# Adobe Photoshop Touch



## bridges86406 (Oct 16, 2011)

Has anyone been able to get this installed on their TP? Since I don't have another Tablet and it won't install on my phone I have no way of getting this although I would love this app on my TP. So if you have managed to get it on your TP without using another Tablet please let me know.


----------



## eclipsed450 (Nov 2, 2011)

i guess you missed the part of the requirements where you have to have at least android 3.1??


----------



## bridges86406 (Oct 16, 2011)

Guess so! Shhhhhhhnikes.


----------



## androideric (Oct 6, 2011)

Which means ICS will be fine, give it sometime. I am as excited as you with Adobe coming out with their products even in a more limited format for tablets/phones.


----------



## cmascia376 (Jan 18, 2012)

Figured id bump this up now that ics is out. When i try and run this, i get a black screen then my touchpad reboots. This goes for photoshop touch and pronto. Anyone have any ideas?


----------



## androideric (Oct 6, 2011)

Maybe it's too GPU intense? I don't know if that has to do with the hardware acceleration or not (so no one quote me) I may load ICS tonight after i backup alpha 2.1 (I never got around to 3.5)


----------



## zed85 (Oct 3, 2011)

cmascia376 said:


> Figured id bump this up now that ics is out. When i try and run this, i get a black screen then my touchpad reboots. This goes for photoshop touch and pronto. Anyone have any ideas?

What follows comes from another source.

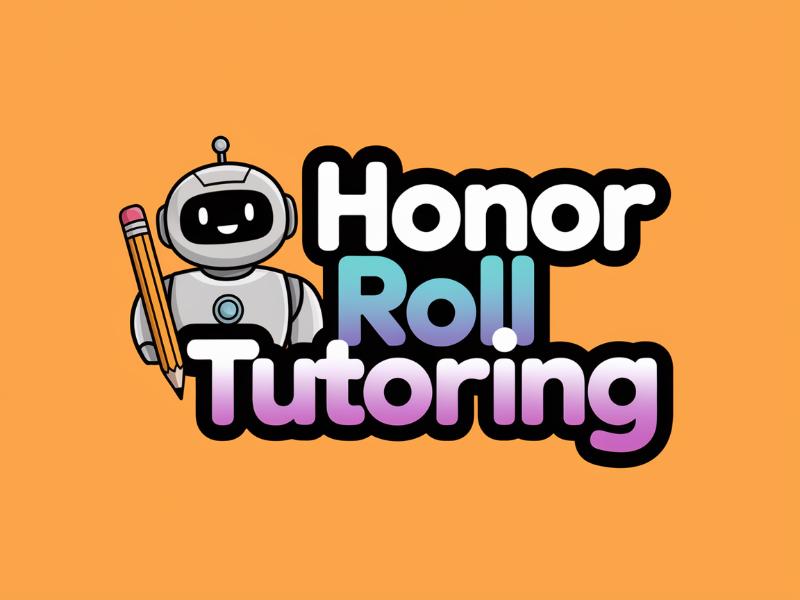 Honor Roll Tutoring logo design by maya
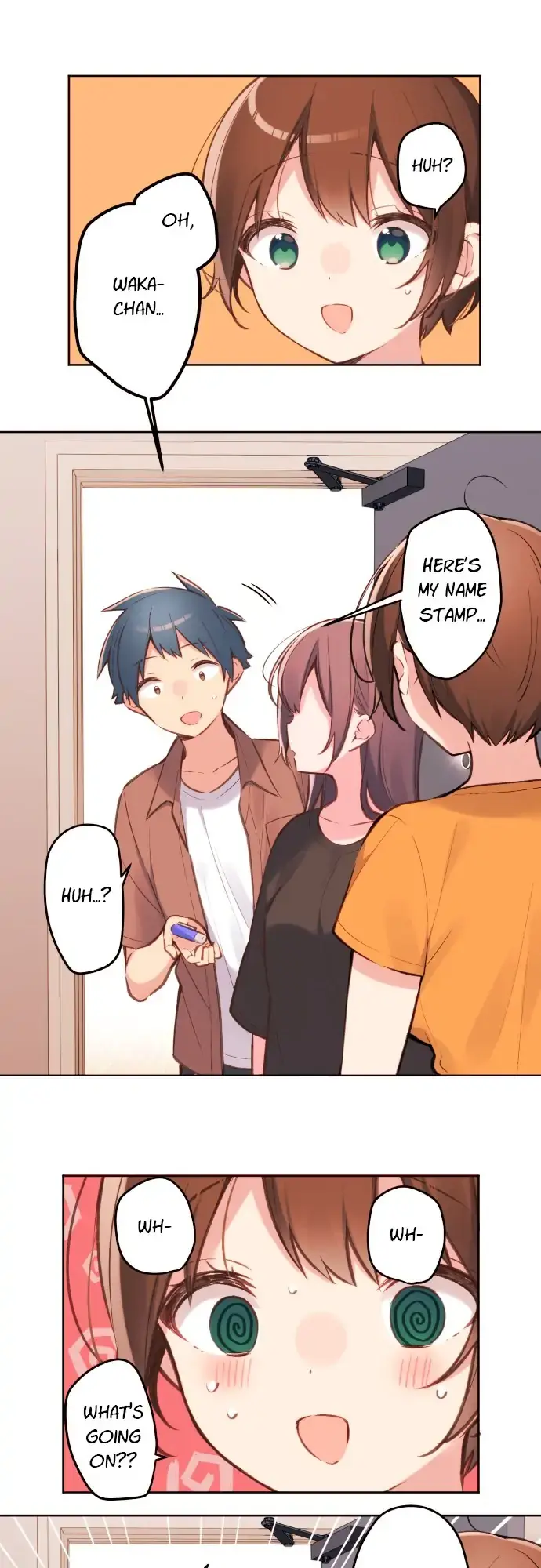 Waka-chan wa Kyou mo Azatoi - Chapter 39 - Page 10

Got the same problem here... Too bad.


----------



## xsalemx (Sep 17, 2011)

cmascia376 said:


> Figured id bump this up now that ics is out. When i try and run this, i get a black screen then my touchpad reboots. This goes for photoshop touch and pronto. Anyone have any ideas?


i have the same problem.... maybe because of the video accelerator thing is not working ? i am not sure
but in the other side i installed sketchbook pro and it was work great.


----------



## nedav (Oct 13, 2011)

Just flashed cm9 alpha0.5 and this works smoothly now!

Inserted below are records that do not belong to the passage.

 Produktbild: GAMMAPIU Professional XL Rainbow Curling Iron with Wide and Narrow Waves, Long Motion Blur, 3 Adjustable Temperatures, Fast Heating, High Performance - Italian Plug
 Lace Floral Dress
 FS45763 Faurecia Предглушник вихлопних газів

Sent from my cm_tenderloin using Tapatalk


----------



## scariola (Nov 2, 2011)

The bricked kernel also made this work.

Sent from my cm_tenderloin using Tapatalk


----------



## Canary2323 (Jun 11, 2011)

Anyone have the apk to install? Thx


----------



## Divine_Madcat (Sep 8, 2011)

Canary2323 said:


> Anyone have the apk to install? Thx


uhhh... no, they better not. It is not a free app...


----------



## Canary2323 (Jun 11, 2011)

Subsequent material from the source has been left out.